I realize it's not much notice and on a holiday weekend but the plan is to ride on Saturday, the 23rd of may. why I'm the one to post this I'm not quite sure but here it is!
the guys there will hammer out the details, I'm just along for the ride (pun intended)

for those of you who went to last years San Diego ride, you know how great a time we had. the plan is to ride from a place Jr.s Monark knows to a burrito place that Jamie (Aeropsycho) knows about and back. see you guy's should have written this post!

anyway more info to come check back it's only a week away!

last year:


----------



## Aeropsycho (May 20, 2009)

*Here is the info...*

I better post this before my ride gets HIGHJACKED!!!







These BAB's are Hugh!!!  Two hands TALL :eek::eek::eek:


----------



## Aeropsycho (May 20, 2009)

*Here is a BIG MAP!!!*

Don't get LOST!!!


----------



## Aeropsycho (May 20, 2009)

*Lost???*

As requested even though it is on the map....
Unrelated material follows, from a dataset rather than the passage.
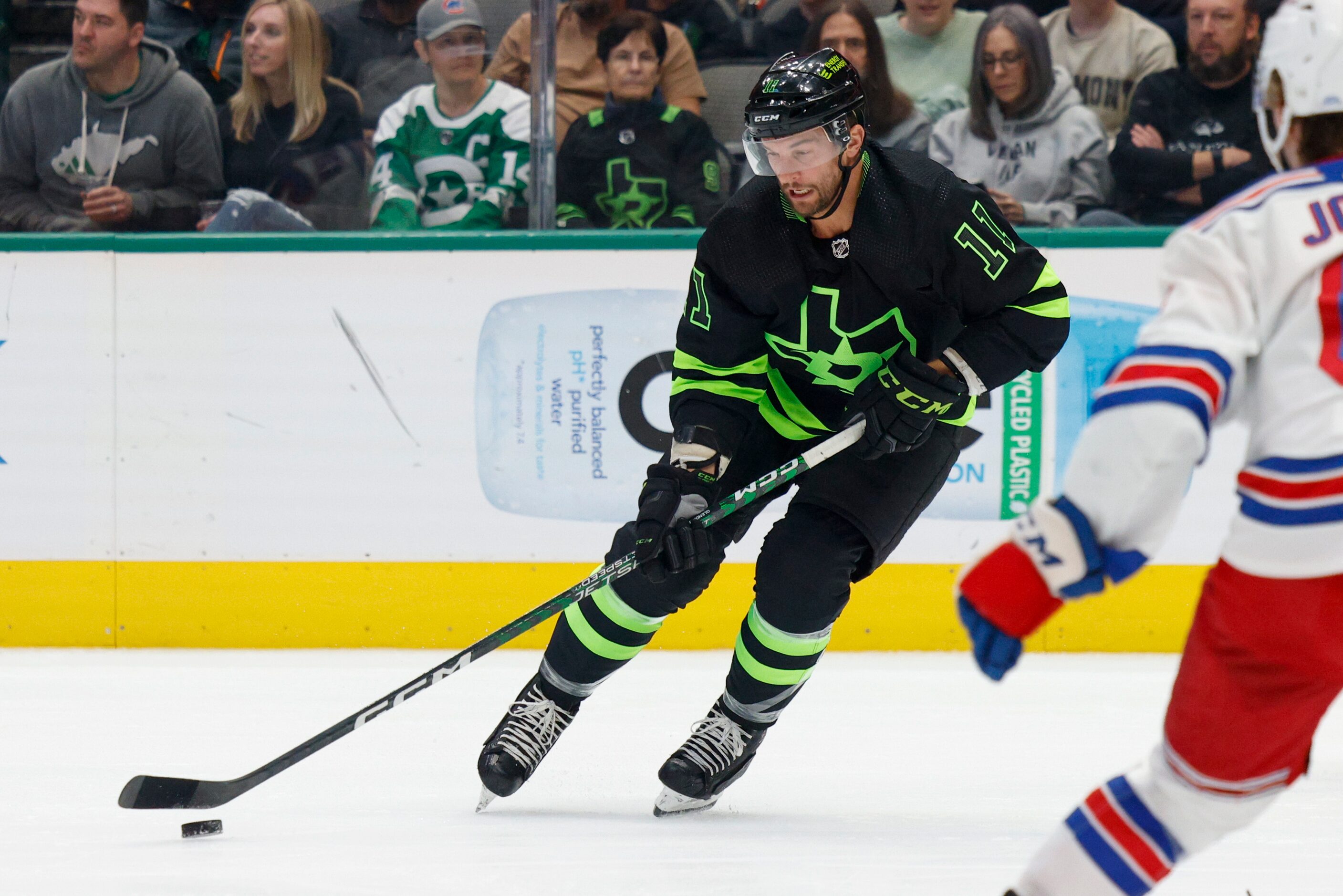 Dallas Stars center Luke Glendening (11) skates with the puck as New York Rangers defenseman...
Take 5 south to "West Mission Bay Drive" turn right on Garnet ave, then after 1/2 mile...
Turn Left on Ingraham St. then another 1/2 mile turn left at "Crown Point Drive" it is before the bridge!!!
drive all the way to the end of the park on the right down below we should be in the corner near the bathroom
any questions call me 619-818-5713 leave a message if I don't answer!!!


You could cut through some streets but you might get confused as long as you head south toward the bay....
                                                                                                  __________________


----------



## Aeropsycho (May 22, 2009)

*We Are Still Going Everyone Is Welcome!!!!*

Yum Yum!!!


----------



## markivpedalpusher (May 22, 2009)

Thanks guys for planning this ride and organizing it. I won't be able to make it sad to say. My loss! I'm sure it's going to be a great ride on a holiday weekend


----------



## old hotrod (May 22, 2009)

Yeah, me neither...tough weekend to get away...for me and others...maybe next ride.


----------